Politics Over Probity: When an Investigation and an Election Collided

No honest accounting of institutional failure in this case can avoid the moment where the scam and electoral politics intersected; because it happened in full public view, and it raises questions that go beyond financial mismanagement into the territory of institutional integrity itself. Pankaj Aggarwal, already under a vigilance FIR in connection with the bank fraud, was appointed Returning Officer for the March 2026 Rajya Sabha elections in Haryana, a role of significant constitutional weight, responsible for overseeing the conduct and counting of one of the state’s most closely watched electoral contests.

IDFC First Bank fraud case: Are your FD, savings account deposits at risk  if fraud happens at bank branch?

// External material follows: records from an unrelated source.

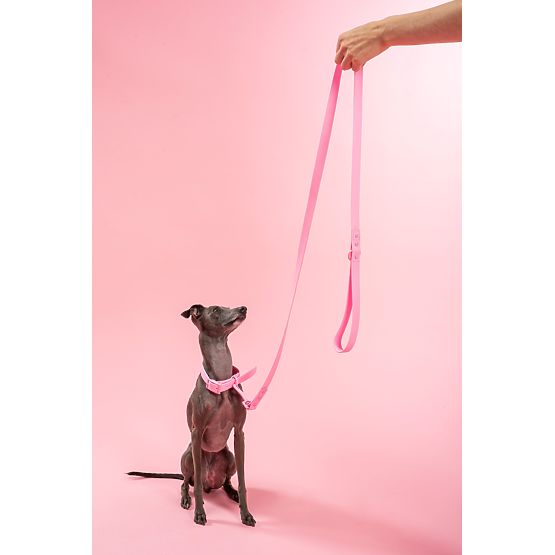 Dog Leash and Collar PJ-072 Pink M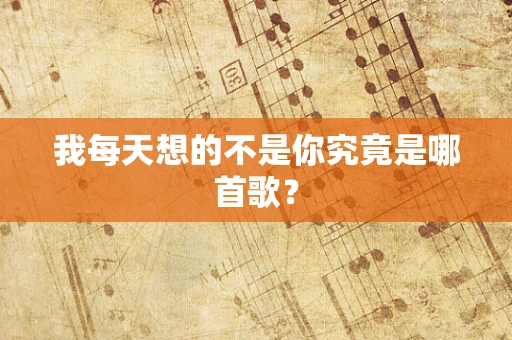 我每天想的不是你究竟是哪首歌？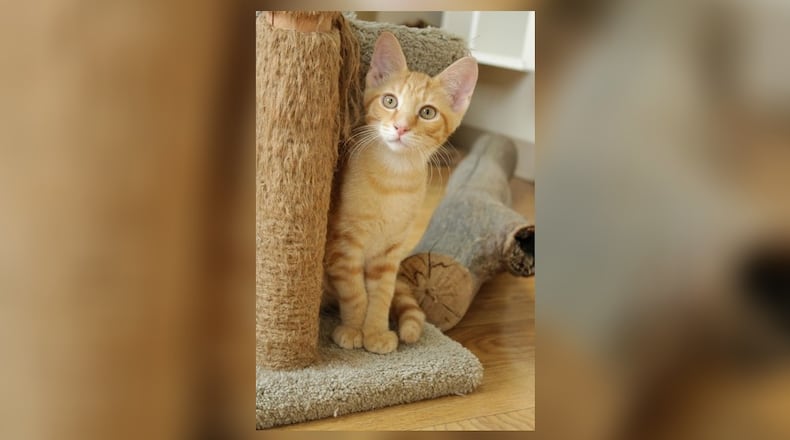 Hi, I’m Carrot. I’m a little shy, but once I get to know you, I’m as sweet as can be. I came here with my three siblings. We’ve been through a lot together, but we always find a way to purr and play. We’re quite the team, but I’m ready to find my own special human. I’m gentle and kind, and I promise to bring a soft, quiet love to your home. Adopting me won’t just change my life, it will add a unique joy to yours. Come visit Carrot at the Paws Animal Shelter, 1535 West U.S. Highway 36, Urbana. Check out Paws at pawsurbana.org, on Facebook at facebook.com/paws.urbana, on Petfinder at petfinder.com or call 937-653-6233. Paws is in need of volunteers and foster homes. CONTRIBUTED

That election became mired in controversy of its own, with the Congress party alleging that votes cast for its candidates were arbitrarily rejected while contested votes favouring the BJP-backed independent candidate were accepted. The party went so far as to draw a parallel with the widely reported Chandigarh mayoral election controversy involving returning officer Anil Masih, and submitted a memorandum to the Haryana Governor alleging that Aggarwal had acted with what it called deliberate arbitrariness.

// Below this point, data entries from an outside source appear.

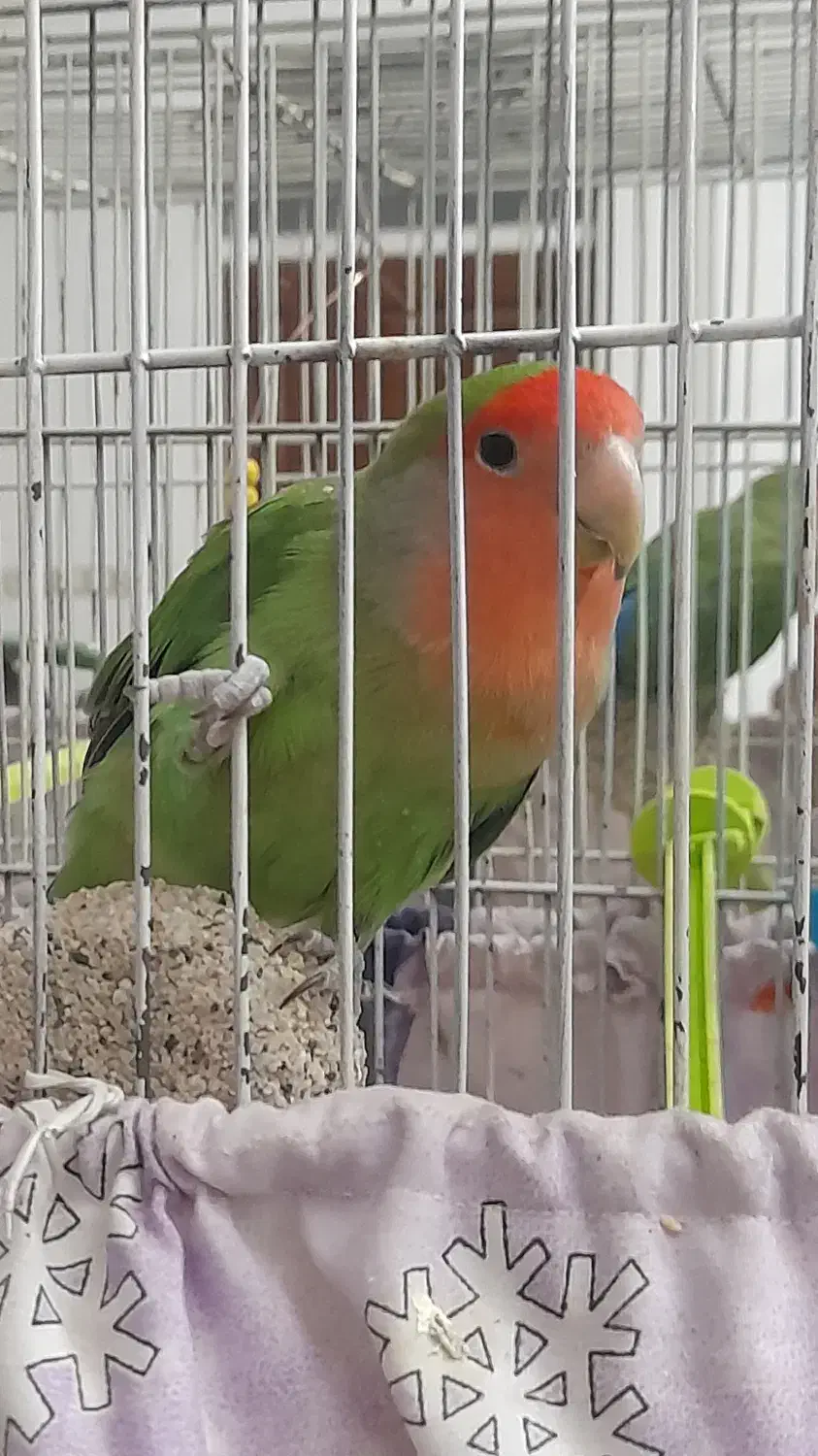 کوتوله برزیلی|پرنده|قم, صفائیه|دیوار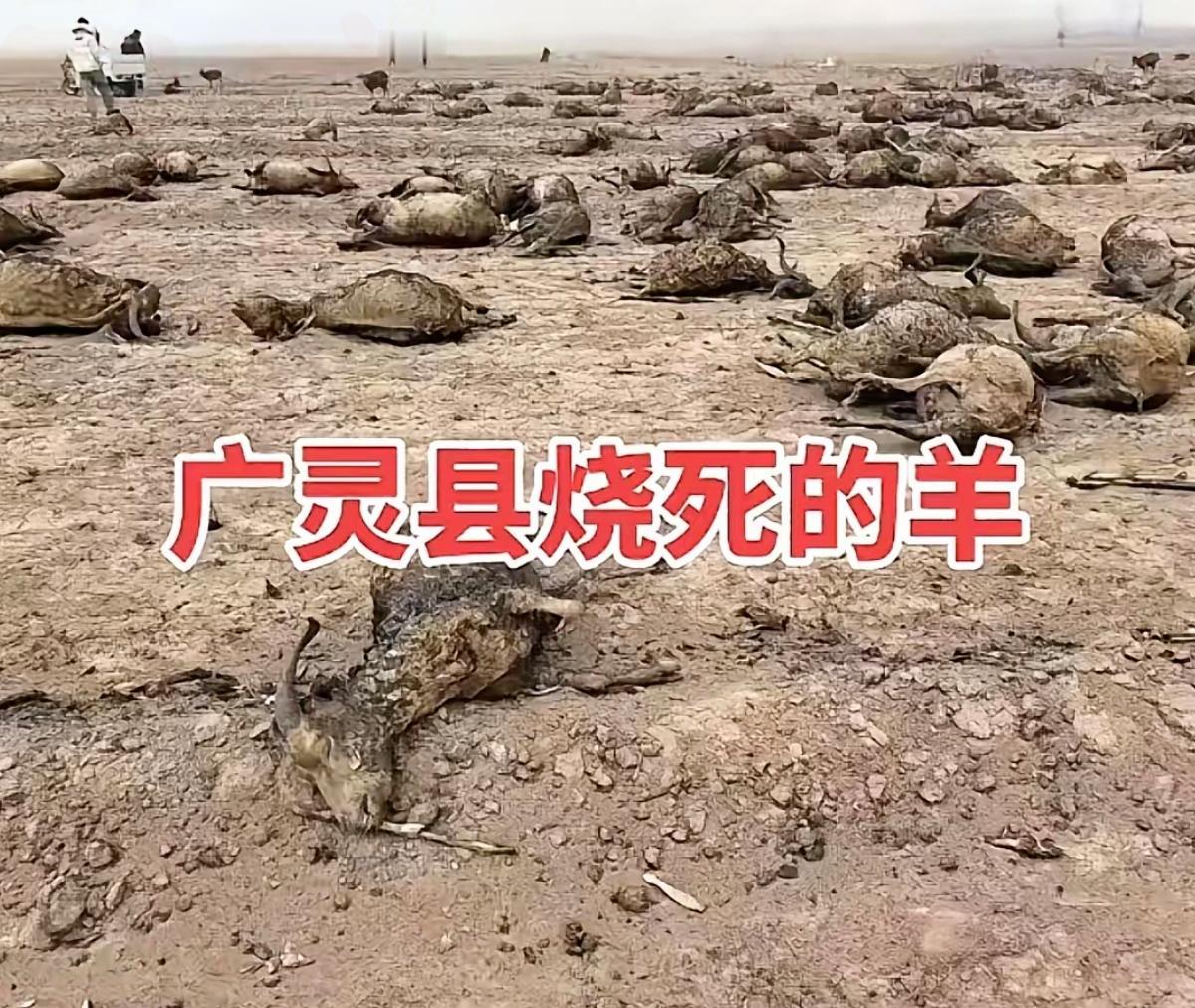 谁懂啊！山西大同独手养羊人170只羊被烧光，烧的不只是家底，更是一个苦命家庭的全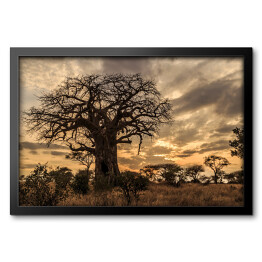 Obraz w ramie Stary baobab o zmierzchu, Tanzania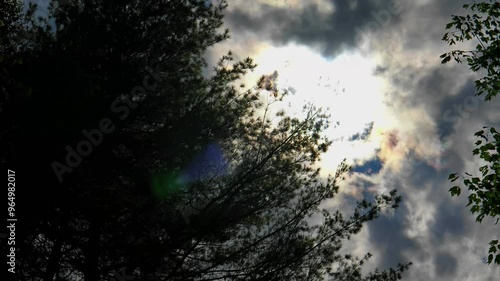 Hiking on a dirt road in the connecticut woods on a summer afternoon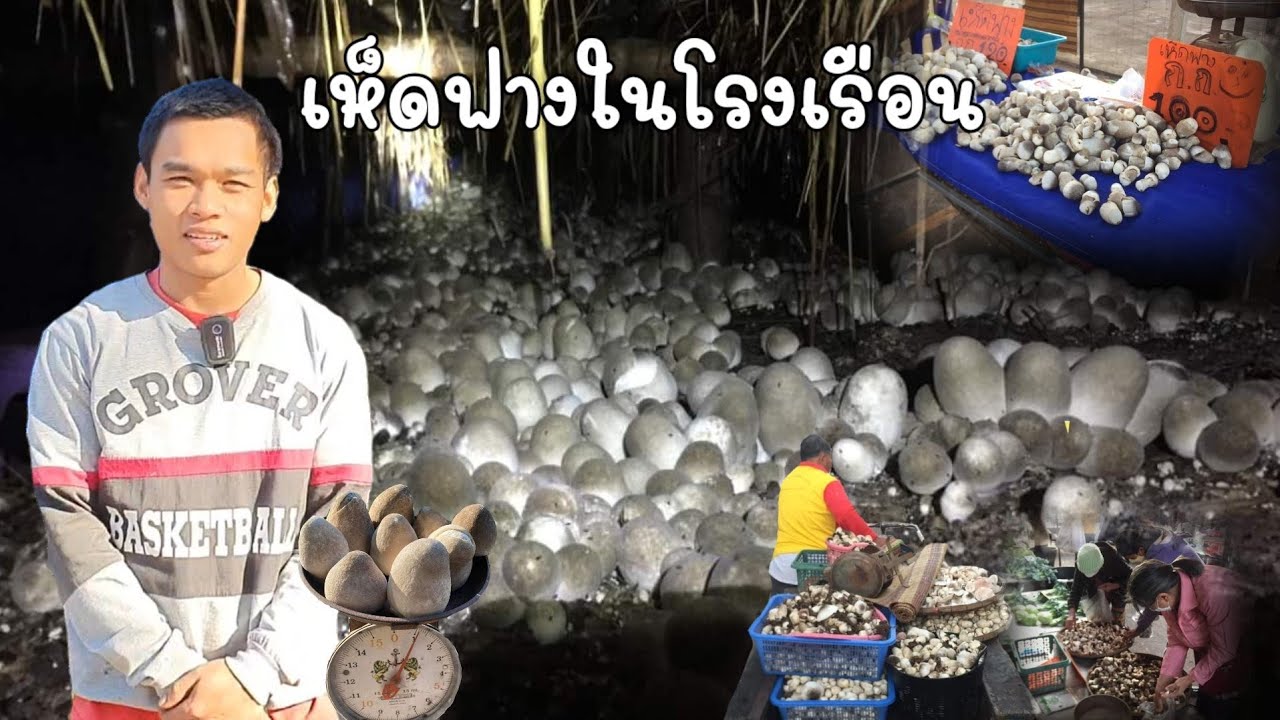 วิธีเพาะเห็ดฟางในโรงเรือน ทำมาแล้ว 3 ปี ขายดี กำไรงาม มีรายได้ทั้งปี จ.สกลนคร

Set aside, for a moment, which political party’s account of the vote-counting dispute one finds more persuasive, that is genuinely contested terrain and reasonable people can disagree on it. What is not contested is the sequence of events: an officer already under investigation for a public funds scam was handed one of the most sensitive constitutional responsibilities in the state’s electoral calendar, just weeks after the fraud FIR against him was registered.

Congress leaders have publicly alleged that the government “used” a compromised officer for electoral advantage, precisely because his vulnerability to the ongoing probe made him more, not less, pliable to political direction. The state government has not offered a comparably detailed public explanation of why an officer under active vigilance investigation was considered suitable for a Returning Officer’s role at all.

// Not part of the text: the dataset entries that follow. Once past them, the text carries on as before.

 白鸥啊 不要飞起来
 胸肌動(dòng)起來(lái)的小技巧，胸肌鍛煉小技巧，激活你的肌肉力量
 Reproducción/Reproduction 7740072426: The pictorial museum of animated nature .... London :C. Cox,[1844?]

This is where the “state and central machinery” in question stops being an abstraction and becomes a specific, answerable set of choices. Someone decided to post Aggarwal as Principal Secretary in March 2026, after the FIR. Someone decided he was fit to be Returning Officer for a Rajya Sabha election. Those were not accidents of bureaucratic rotation; they were decisions, made by named authorities, that either reflect a genuine failure to connect an ongoing corruption investigation to a live administrative appointment, or reflect something considerably less innocent.

Both possibilities are troubling. One suggests a state machinery so poorly coordinated that its vigilance wing and its appointments desk do not talk to each other. The other suggests a machinery that coordinates just fine, but chooses political convenience over institutional propriety when it counts.

The Congress’s subsequent political response, demanding a white paper on how every government department, board, corporation, and autonomous body across Haryana has parked public funds, and questioning why no departmental action had been initiated against any of the accused officers even after chargesheets were filed, is worth taking seriously not because of who is asking it, but because of what it is asking.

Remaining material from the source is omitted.